Proposed city ordinance changes would prevent landlords from denying someone housing just because a prospective tenant’s rent money comes from assistance such as vouchers, settlements, benefits, subsidies, Veterans Affairs Supportive Housing vouchers and more.

The Lawrence City Commission on Dec. 13 voiced general approval for the ordinance, which would also create a protected class based on source of income. Mayor Lisa Larsen said she was concerned about passing it without further engagement with landlords who own Lawrence properties, and commissioners delayed final approval in order to seek landlords’ feedback on the proposed tenant protections.

Lawrence’s Human Relations Commission advanced the proposed changes after working for about two years and researching similar ordinances in other cities. The ordinance also provides “equal opportunity to obtain housing regardless of … status as a survivor of domestic violence, sexual assault, human trafficking or stalking.”

The city held a meeting Jan. 5 to invite landlords to provide feedback.

Panelists, including some city staff members, answered questions about practical aspects of what the ordinance means and how vouchers work. Many of those questions and their answers were provided in the written agenda materials for the city commission’s Tuesday meeting:


One landlord made a comment about “good, hardworking people” who can’t find places to rent. Shannon Oury, executive director of the Lawrence-Douglas County Housing Authority, responded that LDCHA has about 1,000 housing vouchers. Of those, about two-thirds are for people who are elderly or disabled; the other third of program participants must either be working or in school, she said.

“The fact that somebody is disabled or elderly and on a fixed income does not mean they should be unhoused,” Oury said. “Think about it as if you said ‘I won’t take anybody who has Social Security or Social Security Disability income.’ It’s the same idea here. It’s no different.”

Several landlords asked questions about protection if their properties are damaged.

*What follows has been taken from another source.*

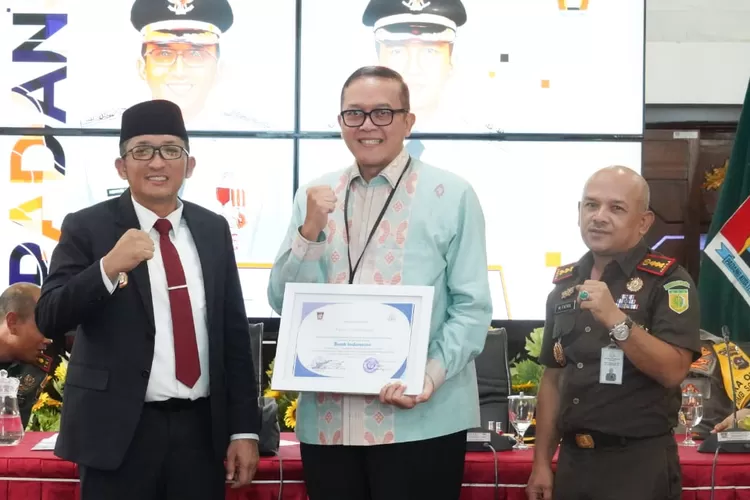 Dukung Pelaksanaan Operasi Pasar Murah, Pemko Padang dan Kejari Berita Penghargaan ke Stakeholder (Humas Pemko Padang )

“I would love for every landlord to take the stigmatization away that somebody receiving a subsidy is somehow different than any other tenant — they’re exactly the same,” said Mariel Ferreiro, landlord liaison for LDCHA. “So that risk factor that you take on with any tenant is the exact same.”

However, she said, LDCHA does have funding to mitigate damage, and she would encourage landlords to call her if they’re seeing an issue.

One landlord asked why property owners have stopped accepting vouchers. Ferreiro said that over the past year and a half, many properties have changed hands and the new owners have refused to accept vouchers.

“I have not gotten a solid answer from a single landlord that I have asked (why), other than ‘We just do not want to,’ and that has been a very unfortunate answer,” Ferreiro said.

In addition to several community members, representatives of local nonprofits Independence Inc. and the Ballard Center sent letters to the city commission voicing support for the ordinance. Some community members also submitted written comments opposing the ordinance, citing concerns about overreaching government, potential for property damage and nonpayment by tenants.

“A landlord will sign a housing assistance payment contract that is a contract between all three parties (Housing Authority, tenant, and landlord),” according to the agenda materials. “It essentially states that there is a subsidy that the landlord will get on a monthly basis and that both parties should uphold and maintain the lease. With this the landlord will receive a subsidy every month on the first of the month. The payment is guaranteed in the form of check or direct deposit.”

The Lawrence City Commission will meet at 5:45 p.m. Tuesday, Jan. 17 at Lawrence City Hall, 6 E. Sixth St. Meetings are also livestreamed on the city’s YouTube channel. See the full agenda at this link.

The commission hears public comment from those who attend meetings in person and those who attend via Zoom; register for the Zoom meeting at this link. The commission also accepts written public comment sent via email to until noon the day of the meeting.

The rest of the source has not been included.